═══ INPUT ═══

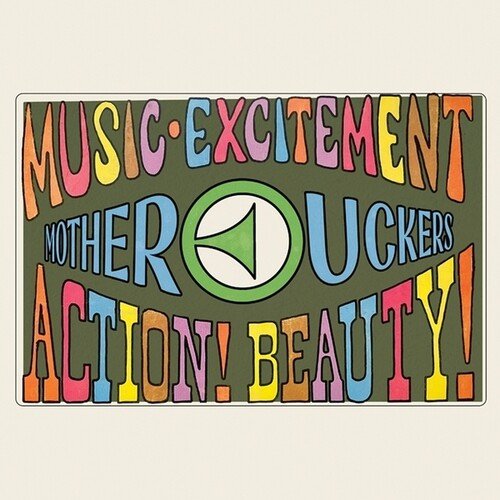 MOTHERFUCKERS JMB & CO - MUSIC EXCITEMENT ACTION BEAUTY - RECORD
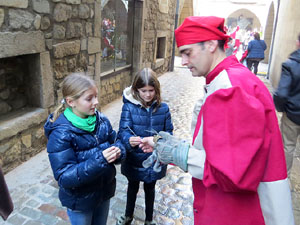 La Cavalcada de Reis 2015. La precavalcada pels carrers de Girona
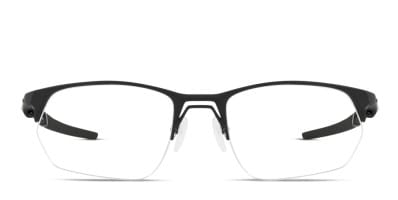 oca様 Oakley Crosslink 0.5 Black w/Red Prescription Eyeglasses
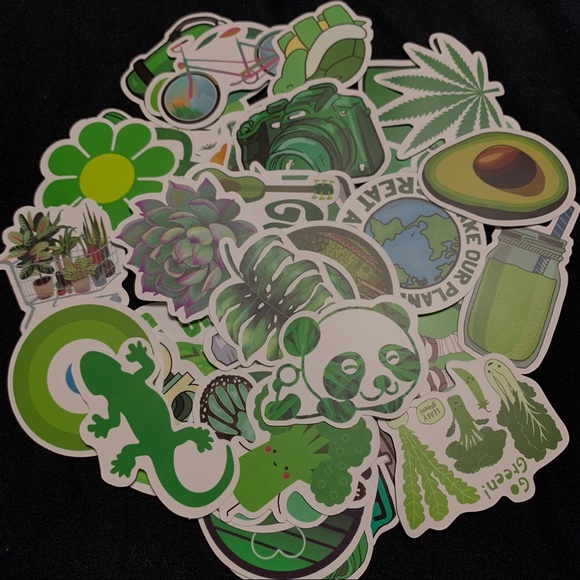 CUTE STICKERS (set of 10) - Picture 14 of 14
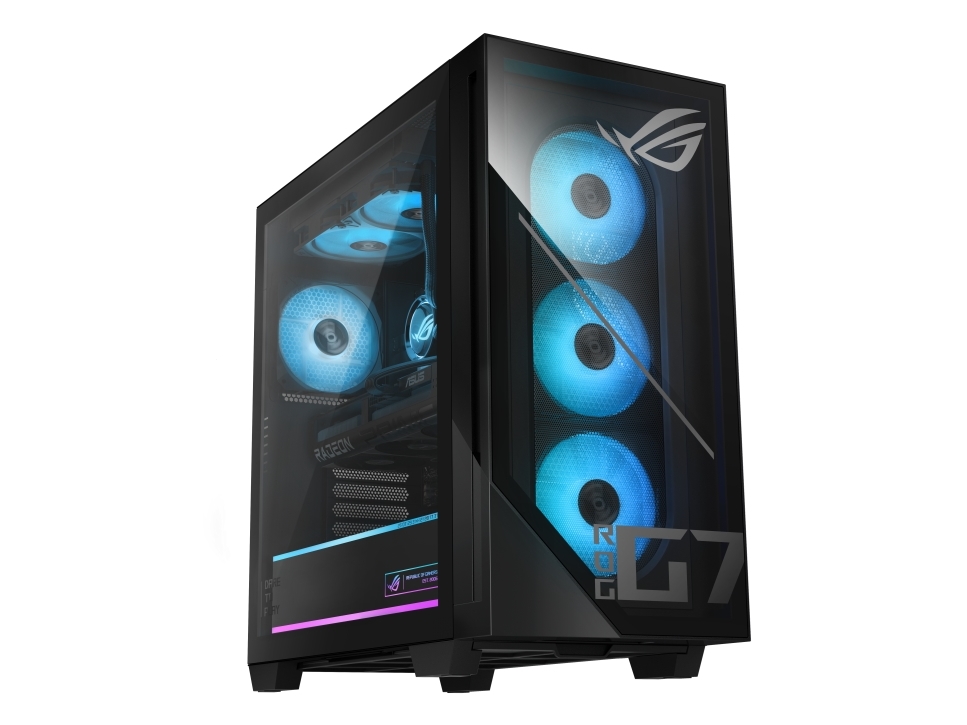 Asus Rog G700 Gm700tz-R9800x212w, 4,7 Ghz, Amd Ryzen 7, 9800X3d, 64 Gb, 2 Tb, Windows 11 Home
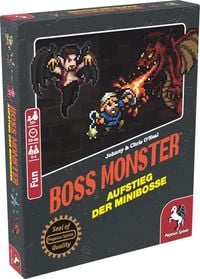 Produktbild: Boss Monster: Aufstieg der Minibosse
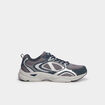 Baskets running lacets &eacute;lastiqu&eacute;s bleu homme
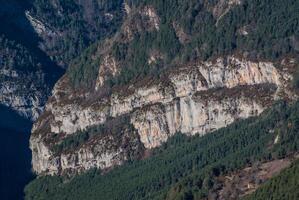 monte perdido dentro ordesa nacional parque, Huesca. Espanha. foto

═══

> _TASK PROMPT_
Output exactly the lines from the one containing "CUTE STICKERS (set of 10) - Picture 14 of 14" through the last line of the records above, both included, and leave out the pictures.

> _OUTPUT FOR THIS EXERCISE_
 CUTE STICKERS (set of 10) - Picture 14 of 14
 Asus Rog G700 Gm700tz-R9800x212w, 4,7 Ghz, Amd Ryzen 7, 9800X3d, 64 Gb, 2 Tb, Windows 11 Home
 Produktbild: Boss Monster: Aufstieg der Minibosse
 Baskets running lacets &eacute;lastiqu&eacute;s bleu homme
 monte perdido dentro ordesa nacional parque, Huesca. Espanha. foto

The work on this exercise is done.